Another ad in 1968, for the Coalition for a Democratic Alternative, carried, in huge letters, the headline “For what?” Underneath it, text by Dave Reider, a columnist, described the hopelessness of the Vietnam War, called for President Lyndon B. Johnson to resign, and argued that Senator Eugene McCarthy of Minnesota is the Democratic nominee for president.
Mr. Sirowitz was DDB’s senior vice president and associate creative director when he left in 1970 to start his own agency, Harper Rosenfeld Sirowitz as co-president and co-creative director. (He was renamed several times over the years.) By then he had been voted Art Director of the Year for 1968 and 1970 in national polls by Ad Weekly. He was inducted into the Art Directors Club Hall of Fame in 1985.
His agency clients included Swissair, McDonald’s, Smith Corona and Royal Caribbean Cruises. However, in 1995, the firm closed after losing several accounts, and Mr. Sirowitz joined the agency Ryan Drossman & Partners as a vice president.
He soon retired and returned to the Art Students League, where he painted large-scale nude portraits four days a week.
“I strive for bold, dramatic interpretations of the model’s pose, drawn with spontaneous sweeping lines, and most importantly it must be part of a strong, well-designed composition,” he told the foundation’s magazine, Lines from the League, in 2012. -13 issue.

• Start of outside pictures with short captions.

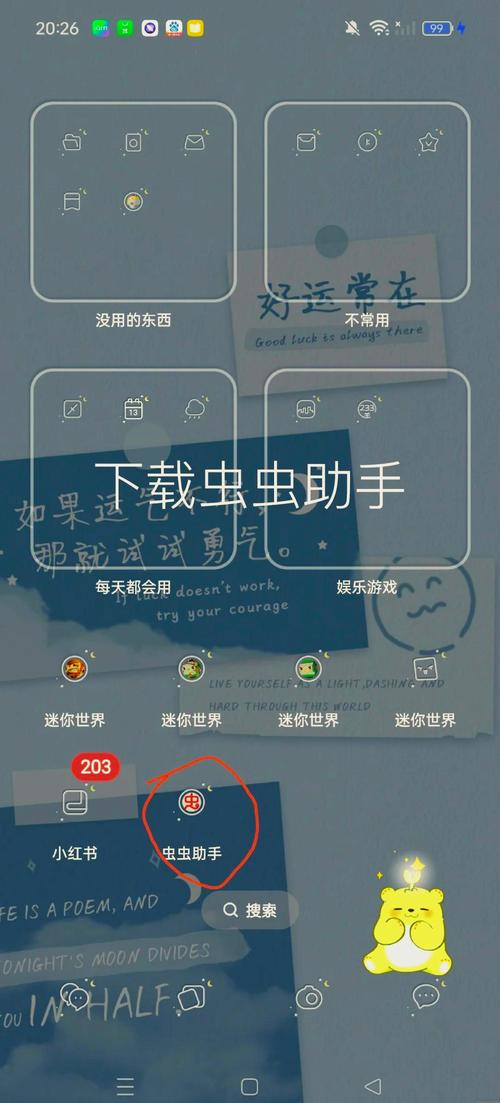 怎么下载迷你世界老版本2026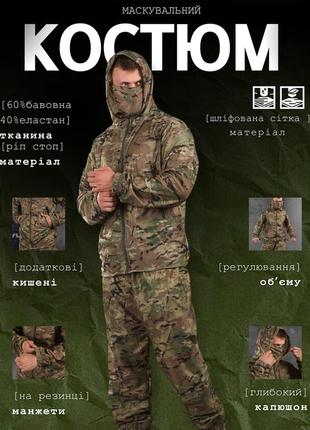 Маскировочный костюм мультикам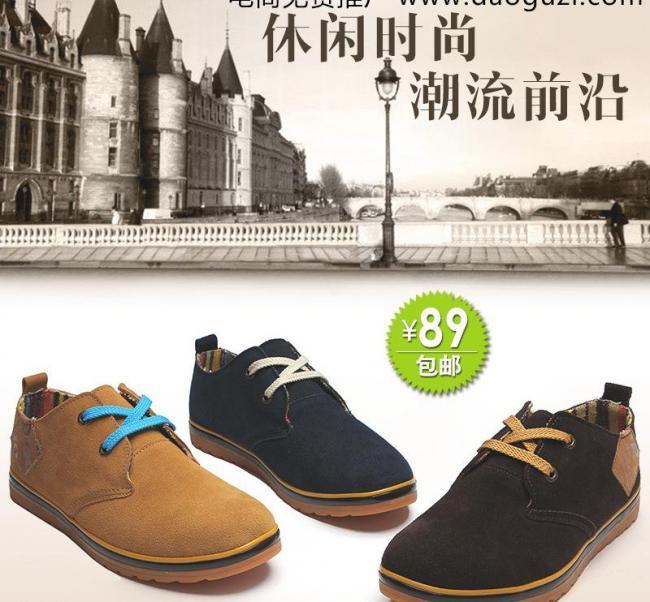 男鞋淘宝直通车图片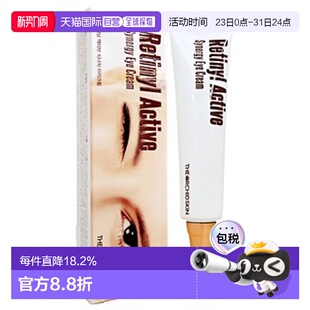 Orchid 30ml正品 Skin 抗皱眼霜 蒂欧丝 韩国直邮The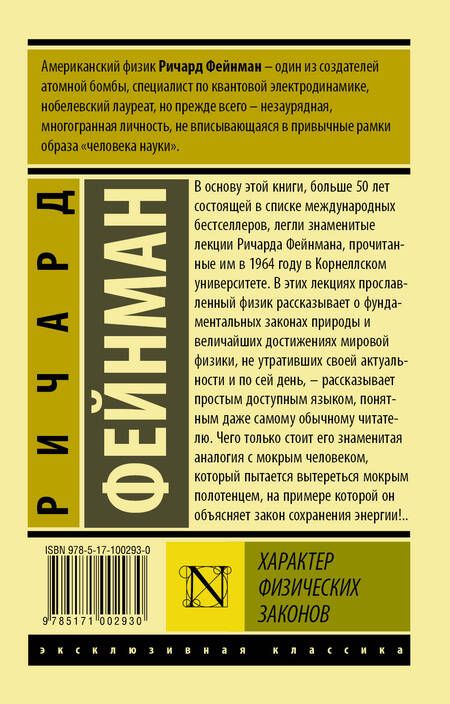 Фотография книги "Ричард Филлипс: Характер физических законов"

His compositional style was evident in his advertising campaigns, including one in 1991 for America West Airlines, in which he played improvisational comedian Jonathan Winters—appearing tough and wearing camouflage—in a parody of General H. Norman Schwarzkopf, who had recently commanded American troops in the Gulf War.
The ad stated “Announcing Air Superiority for Civilians” and offered up to 40 percent off airline tickets.
The campaign, however, was criticized by the Veterans of Foreign Wars organization for being in bad taste, and America West soon after filed for Chapter 11 bankruptcy protection.
“To me, great advertising should make your palms sweat,” Mr. Sirowitz told The Associated Press. “America West is the smallest of the major airlines. We wanted to do the kind of advertising that would put them on the map in one fell swoop.”